The P & O agent who came to meet their boat, ‘ashy pale and still trembling in every limb’, described how the storm had literally ripped apart the island in less than two hours. All shipping vessels had been wrecked, half the buildings ruined and not a single tree had been left standing in the Botanical Gardens. Worse than all this, though, was the fate of Hong Kong’s coolies and their families who had been living in sampans in the harbour – an estimated 10,000 had been drowned. By the time the Frasers arrived the water in the harbour was awash with the floating bodies of men, women and children. As she disembarked, Mary accidentally stepped on one of them and thereafter, ‘I could not be left alone for a moment without feeling faint and sick.’ In the tropical heat the corpses were already beginning to putrefy. Pestilence was all around and the atmosphere, she recalled with horror, ‘was that of a vast charnel house’.
The Frasers then travelled on to Shanghai without incident, and Mary recovered her composure enough to enjoy the rest of the journey, even the final stretch up the Pei-Ho river, although at first she surveyed the preparations with dismay. For the five-day river journey they had a fleet of five boats, each with five boatmen. Three of these carried their luggage; one was a kitchen and store room; while the fifth was fitted up snugly as a sleeping room and dining room. At night the boatmen pulled up the boards on the deck of their boat and, packed ‘like sardines in a tin’, they fitted the boards back tightly over themselves and slept peacefully. On the Frasers’ boat there was a little deck at the front with two chairs and ‘a tiny caboose sunk aft’, where a mattress could be laid on the floor at night. By day it was replaced by a table. ‘In the morning,’ Mary recalled, ‘poor Hugh used to hurry into his clothes, and go on shore for a walk, while I attempted to make my toilet, in all but darkness, with the help of one tin basin, muddy river water, and a hand glass.’

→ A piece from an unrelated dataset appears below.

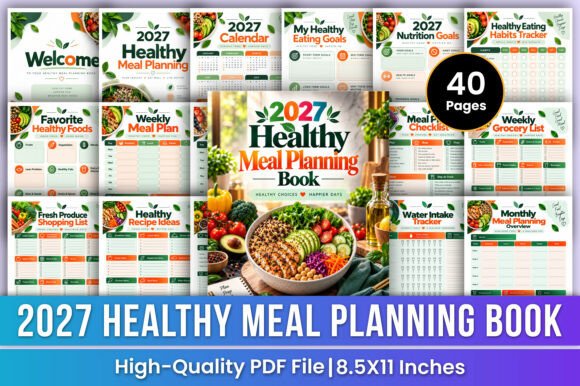 2027 Healthy Meal Planning Book | Meal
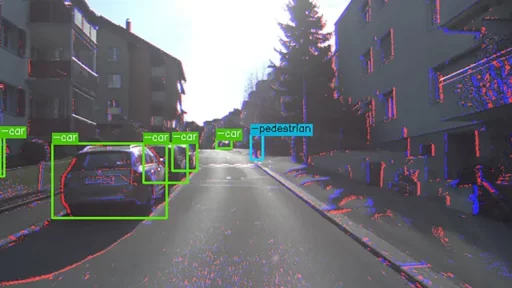 A bio-inspired camera with AI swiftly identifies obstacles around vehicles, enhancing road safety with efficient detection and low computational power, advancing autonomous driving.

Although, unlike her husband, she was quite unused to these primitive travelling arrangements – ‘the Frasers’, she once commented, ‘are all Spartans’ – Mary was quick to learn a certain diplomatic stoicism. For most of the five days they spent on the Pei-Ho their servant, Chien-Tai, cooked ‘with marvellous success’ amidst her trousseau trunks in the kitchen boat and ‘not a course that we would have had on shore was omitted’; but on one terrible occasion, amidst torrential rain, the boats became separated and they had nothing to eat for a whole day. The two of them passed the day gloomily in the blacked-out caboose, lighted only by two meagre candles.15
On her journey to Constantinople in 1716 Lady Mary Wortley Montagu, together with her husband and infant son, faced still greater hardships. On the mountain roads between Bohemia and Saxony she was so frightened by the sheer precipices that when she finally arrived in Dresden she could not compose herself to write at all. Their journey was all the more dangerous because they travelled at night, with only the moon to light their way.
In many places the road is so narrow that I could not discern an inch of space between the wheels and the precipice [she wrote to her sister Lady Mar]. Yet I was so good a wife not to wake Mr Wortley, who was fast asleep by my side, to make him share in my fears, since the danger was unavoidable, till I perceived, by the bright light of the moon, our postilions nodding on horseback while the horses were on a full gallop, and I thought it very convenient to call out to desire them to look where they were going.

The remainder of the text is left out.